Grandes maestros espirituales han intentado convencer a los sapiens de que está pleixonia -proliferación de deseos- y esta hybrisla soberbia en las aspiraciones- solo podía producir infelicidad, pero con poco éxito. El deseo interminable parece formar parte de nuestra naturaleza, tal como se despliega en la historia. Tal vez lo único que podamos hacer es conocerlo para poderlo controlar. Terminaré con una cita que demuestra hasta qué punto el afán expansivo está admitido en nuestra cultura. Baltasar Gracián consideraba elogiable el afán de poder de Fernando el Católico y lo expresa así: ”Pareciéronle a Fernando estrechos sus hereditarios reinos de Aragón para sus dilatados deseos y así anheló siempre a la grandeza y anchura de Castilla y de allí a la monarquía de toda España y aún a la universal de entrambos mundos” (El político).

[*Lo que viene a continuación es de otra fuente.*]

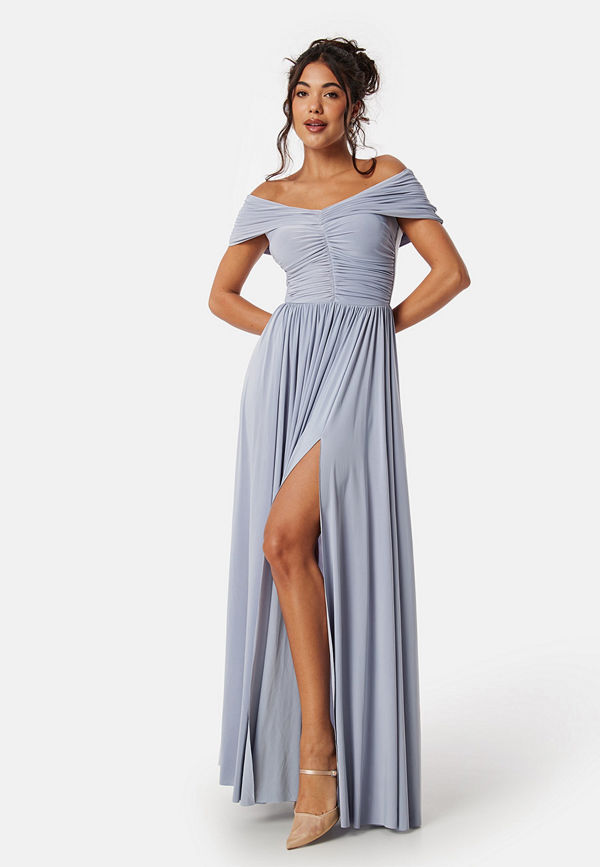 Goddiva Bardot Rouched Maxi Split Dress Light blue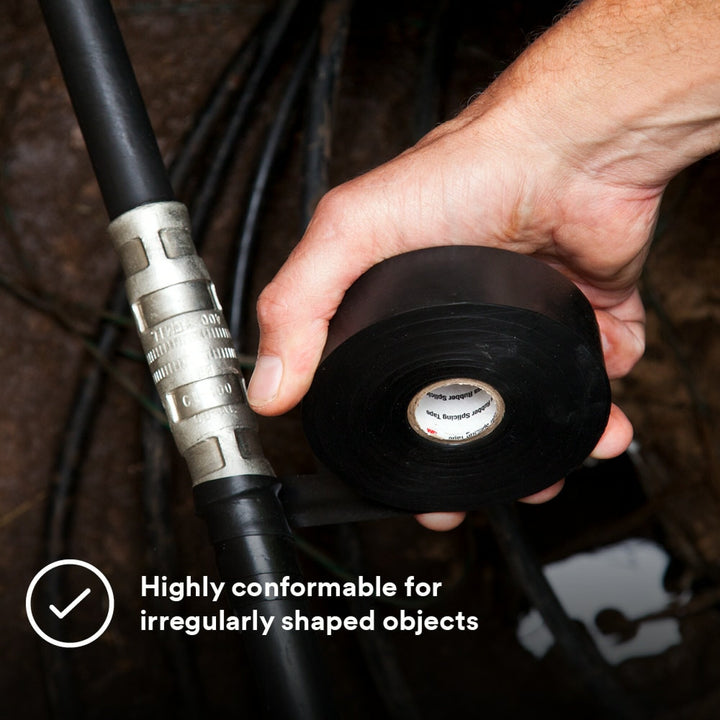 Scotch® Linerless Rubber Splicing Tape 130C, 3/4 in x 30 ft, Black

El estudio de las motivaciones humanas nos enfrenta con el límite de la comprensión: no sabemos por qué tenemos esos deseos, ni por qué nos gusta la música, contamos historias, escribimos poesía, escalamos montañas o nos comprometemos en guerras crueles y estúpidas. Esto introduce un ramalazo de irracionalidad en la especie humana, que unas veces nos eleva y otras nos despeña en la atrocidad.